What you will do: Retype all the entries word for word, but omit the pictures.

Dataset records:
- - -

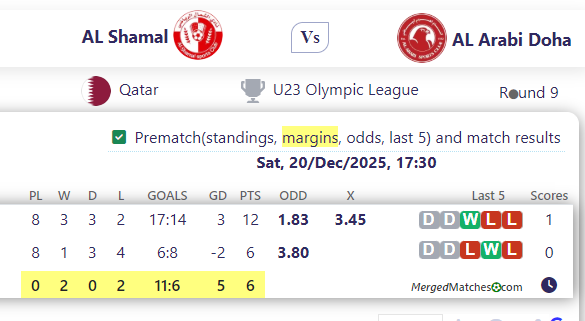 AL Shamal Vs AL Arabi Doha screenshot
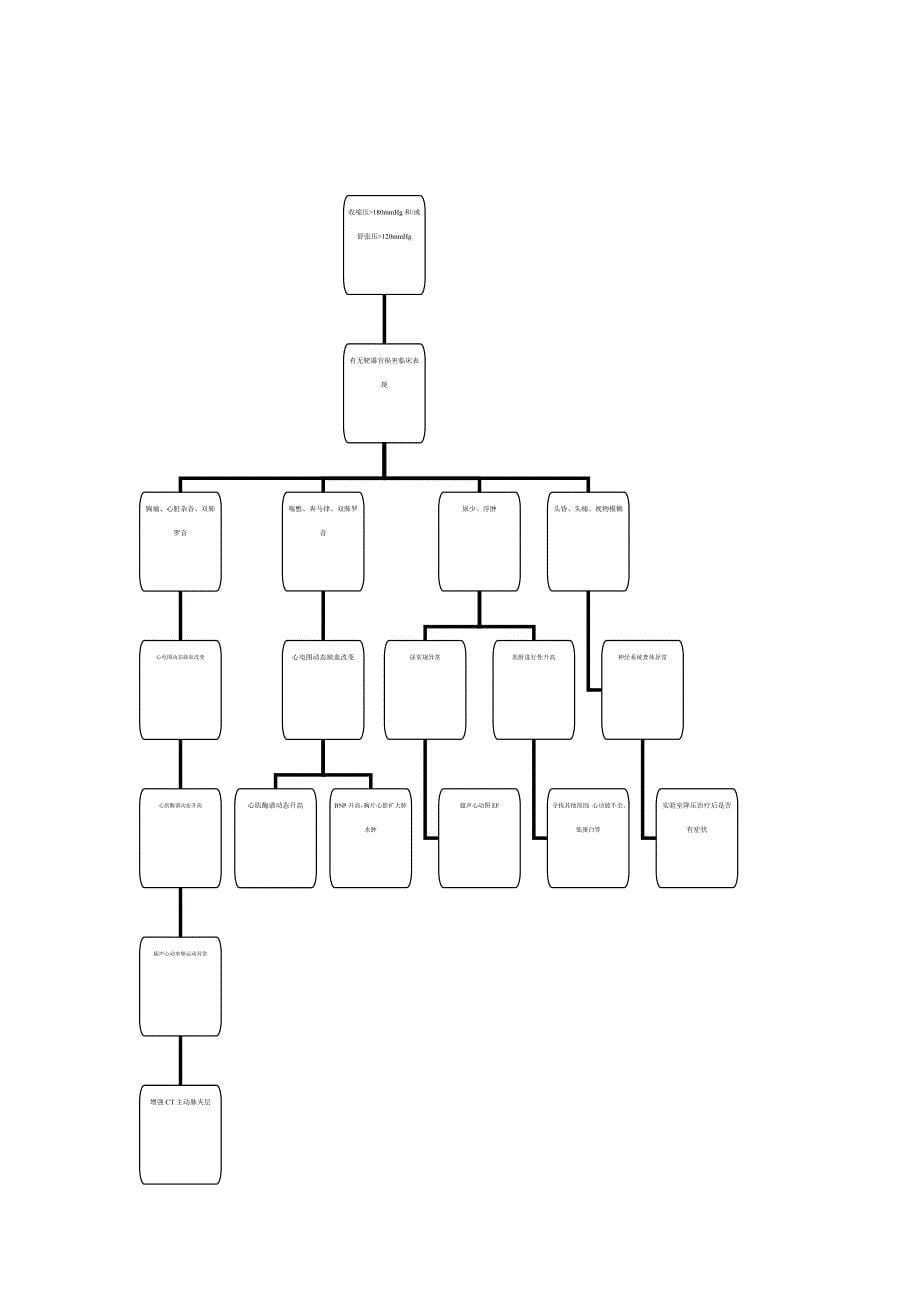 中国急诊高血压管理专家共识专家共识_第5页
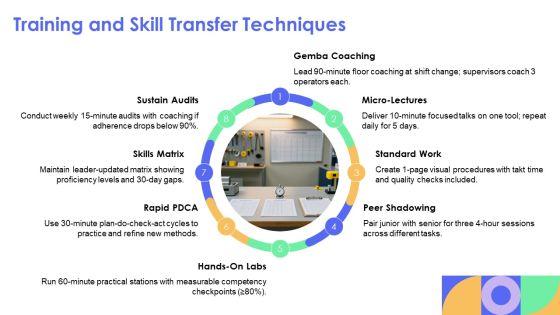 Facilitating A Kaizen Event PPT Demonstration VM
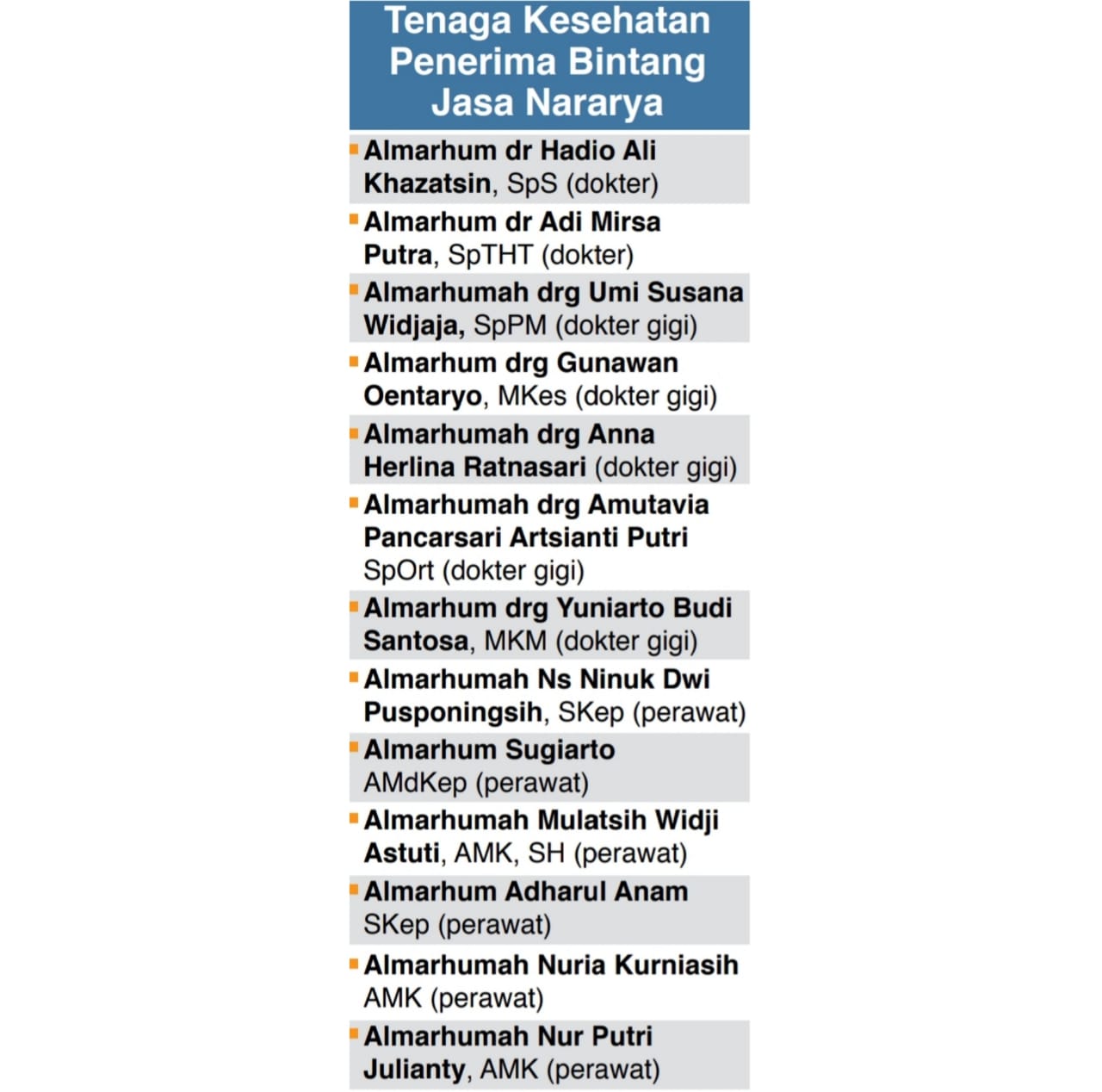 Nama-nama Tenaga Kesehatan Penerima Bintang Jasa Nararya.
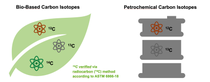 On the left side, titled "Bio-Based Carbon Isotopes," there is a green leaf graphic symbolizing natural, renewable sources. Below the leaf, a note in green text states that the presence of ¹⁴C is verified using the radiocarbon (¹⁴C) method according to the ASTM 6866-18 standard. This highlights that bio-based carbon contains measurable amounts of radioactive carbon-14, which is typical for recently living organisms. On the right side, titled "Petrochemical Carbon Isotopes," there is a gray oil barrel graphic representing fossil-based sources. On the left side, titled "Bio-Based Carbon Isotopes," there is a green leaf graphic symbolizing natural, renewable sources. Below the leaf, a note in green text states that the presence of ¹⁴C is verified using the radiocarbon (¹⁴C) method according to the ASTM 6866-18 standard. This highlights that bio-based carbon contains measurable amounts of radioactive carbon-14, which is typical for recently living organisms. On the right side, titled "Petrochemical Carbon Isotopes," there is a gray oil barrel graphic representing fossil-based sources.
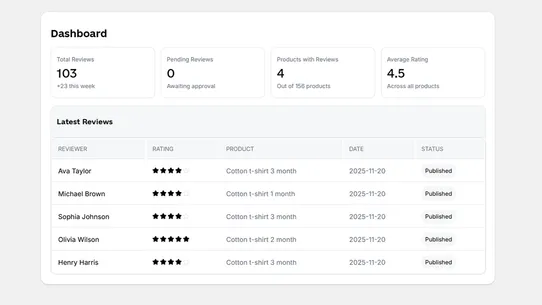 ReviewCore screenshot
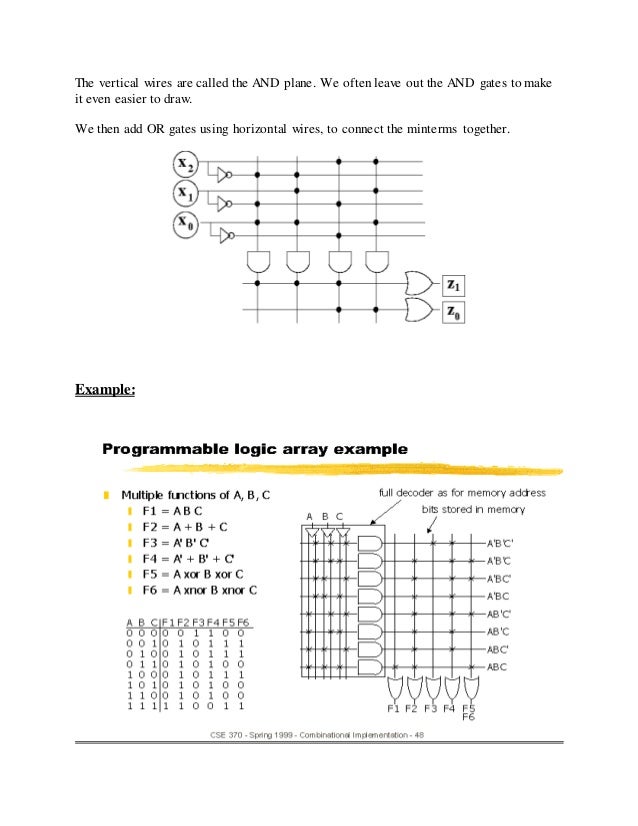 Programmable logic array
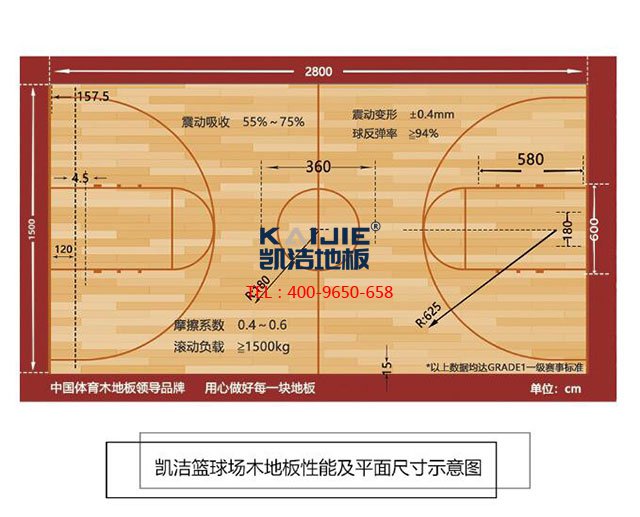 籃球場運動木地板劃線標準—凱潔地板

- - -

Problem solution:
 AL Shamal Vs AL Arabi Doha screenshot
 中国急诊高血压管理专家共识专家共识_第5页
 Facilitating A Kaizen Event PPT Demonstration VM
 Nama-nama Tenaga Kesehatan Penerima Bintang Jasa Nararya.
 On the left side, titled "Bio-Based Carbon Isotopes," there is a green leaf graphic symbolizing natural, renewable sources. Below the leaf, a note in green text states that the presence of ¹⁴C is verified using the radiocarbon (¹⁴C) method according to the ASTM 6866-18 standard. This highlights that bio-based carbon contains measurable amounts of radioactive carbon-14, which is typical for recently living organisms. On the right side, titled "Petrochemical Carbon Isotopes," there is a gray oil barrel graphic representing fossil-based sources. On the left side, titled "Bio-Based Carbon Isotopes," there is a green leaf graphic symbolizing natural, renewable sources. Below the leaf, a note in green text states that the presence of ¹⁴C is verified using the radiocarbon (¹⁴C) method according to the ASTM 6866-18 standard. This highlights that bio-based carbon contains measurable amounts of radioactive carbon-14, which is typical for recently living organisms. On the right side, titled "Petrochemical Carbon Isotopes," there is a gray oil barrel graphic representing fossil-based sources.
 ReviewCore screenshot
 Programmable logic array
 籃球場運動木地板劃線標準—凱潔地板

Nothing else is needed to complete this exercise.